Hamburg/Baltimore - Das Weltraumteleskop "Hubble" hat den bislang tiefsten Blick ins Weltall geworfen: Ein Foto mit Langzeitbelichtung trägt den Namen "Hubble extreme Deep Field" (XDF), es enthüllt rund 5500 Galaxien in einer Entfernung von bis zu 13,2 Milliarden Lichtjahren, wie das US-amerikanische Weltraumteleskop-Forschungsinstitut STScI in Baltimore erklärte. Ein Lichtjahr ist die Strecke, die das Licht in einem Jahr zurücklegt, und entspricht knapp zehn Billionen Kilometern.

"Das XDF ist die tiefste Himmelsaufnahme, die je erzielt wurde, und enthüllt die fernsten Galaxien, die je beobachtet wurden", erläuterte Garth Illingworth von der Universität von Kalifornien in Santa Cruz in der Mitteilung. "XDF ermöglicht uns, weiter zurück in die Zeit zu spähen als jemals zuvor."

Das aus 2000 Einzelaufnahmen zusammengesetzte neue Bild enthält die Geschichte der Galaxienentwicklung fast seit dem Urknall bis heute. Sowohl die uralten, winzigen Ursprünge der heutigen majestätischen Spiralgalaxien sind darauf zu sehen als auch alte, rote Galaxien, die kaum noch neue Sterne produzieren.

Fotostrecke

10  Bilder
Ferne Galaxien: Als die Welt noch jung war

Das XDF ist ein Ausschnitt aus dem "Hubble Ultra Deep Field" (UDF) der Jahre 2003/2004 aus dem südlichen Sternbild Fornax. Für die neue Aufnahme hatte das Teleskop einen winzigen Himmelsbereich, der nur ein Bruchteil so groß ist wie der Vollmond, in den vergangenen zehn Jahren insgesamt etwa 555 Stunden lang beobachtet. Auf diese Weise wurden noch Galaxien sichtbar, die zehn Milliarden Mal schwächer leuchten als mit dem bloßen Auge zu sehen.
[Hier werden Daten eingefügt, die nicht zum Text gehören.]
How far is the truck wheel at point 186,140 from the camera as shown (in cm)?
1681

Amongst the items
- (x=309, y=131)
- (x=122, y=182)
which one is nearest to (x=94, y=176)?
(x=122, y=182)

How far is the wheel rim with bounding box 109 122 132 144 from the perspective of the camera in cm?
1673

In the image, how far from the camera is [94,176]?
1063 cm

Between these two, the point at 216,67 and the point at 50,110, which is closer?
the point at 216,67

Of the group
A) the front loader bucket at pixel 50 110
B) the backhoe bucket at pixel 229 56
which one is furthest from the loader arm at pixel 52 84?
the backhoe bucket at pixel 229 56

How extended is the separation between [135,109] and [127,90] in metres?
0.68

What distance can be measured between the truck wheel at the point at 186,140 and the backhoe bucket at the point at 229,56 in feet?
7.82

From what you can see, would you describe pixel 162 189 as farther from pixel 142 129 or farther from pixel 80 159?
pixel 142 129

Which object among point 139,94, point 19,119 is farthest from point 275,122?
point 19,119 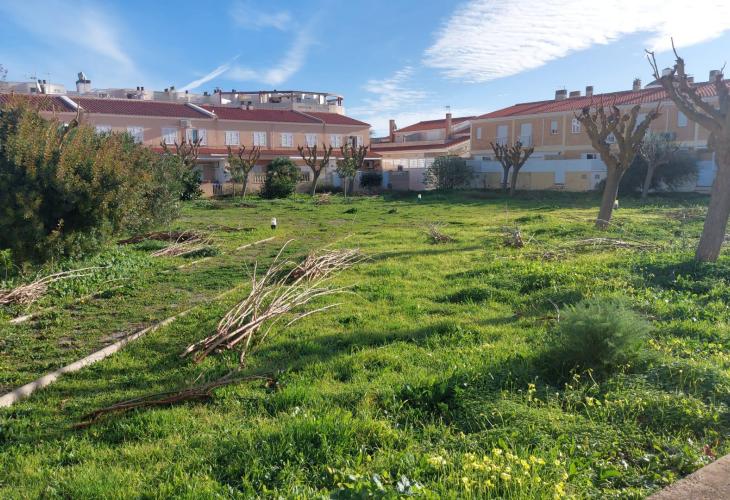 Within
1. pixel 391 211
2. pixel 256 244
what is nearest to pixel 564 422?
pixel 256 244

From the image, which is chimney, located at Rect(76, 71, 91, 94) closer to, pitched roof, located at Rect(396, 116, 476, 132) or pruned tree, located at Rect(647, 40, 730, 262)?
pitched roof, located at Rect(396, 116, 476, 132)

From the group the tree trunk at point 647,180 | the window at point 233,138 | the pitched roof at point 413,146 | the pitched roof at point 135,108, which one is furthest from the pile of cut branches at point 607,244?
the pitched roof at point 413,146

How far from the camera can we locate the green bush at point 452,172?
44.8 m

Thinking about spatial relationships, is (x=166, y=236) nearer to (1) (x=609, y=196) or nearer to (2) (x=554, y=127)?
(1) (x=609, y=196)

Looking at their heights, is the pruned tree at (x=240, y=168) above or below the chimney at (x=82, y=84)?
below

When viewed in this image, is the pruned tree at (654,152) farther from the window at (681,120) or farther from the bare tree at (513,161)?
the window at (681,120)

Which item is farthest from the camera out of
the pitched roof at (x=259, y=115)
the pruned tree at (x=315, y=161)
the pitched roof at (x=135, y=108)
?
the pitched roof at (x=259, y=115)

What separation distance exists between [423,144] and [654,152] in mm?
34189

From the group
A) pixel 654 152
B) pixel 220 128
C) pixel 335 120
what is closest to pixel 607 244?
pixel 654 152

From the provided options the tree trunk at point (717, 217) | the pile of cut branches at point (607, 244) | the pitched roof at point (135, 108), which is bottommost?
the pile of cut branches at point (607, 244)

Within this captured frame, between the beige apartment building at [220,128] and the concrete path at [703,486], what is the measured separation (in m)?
41.2

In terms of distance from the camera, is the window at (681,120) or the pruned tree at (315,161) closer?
the window at (681,120)

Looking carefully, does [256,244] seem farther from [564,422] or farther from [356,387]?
[564,422]

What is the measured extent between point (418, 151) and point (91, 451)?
60.7 meters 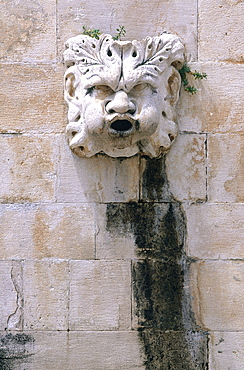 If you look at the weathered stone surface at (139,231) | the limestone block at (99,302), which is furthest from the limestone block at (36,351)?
the weathered stone surface at (139,231)

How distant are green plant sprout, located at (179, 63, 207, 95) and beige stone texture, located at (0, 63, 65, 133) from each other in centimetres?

Die fernste Galaxie in der Aufnahme stammt aus einer Zeit, als das Universum erst 450 Millionen Jahre alt war. Zum Vergleich: Inzwischen sind bereits 13.700 Millionen Jahre seit dem Urknall vergangen. Immer tiefer haben Astronomen ins All geblickt. Je ferner die Galaxien, desto älter sind sie. Nach dem neuesten Bild fehlen nur noch 450 Millionen Jahre bis zum Urknall - 95 Prozent des Weges sind schon geschafft.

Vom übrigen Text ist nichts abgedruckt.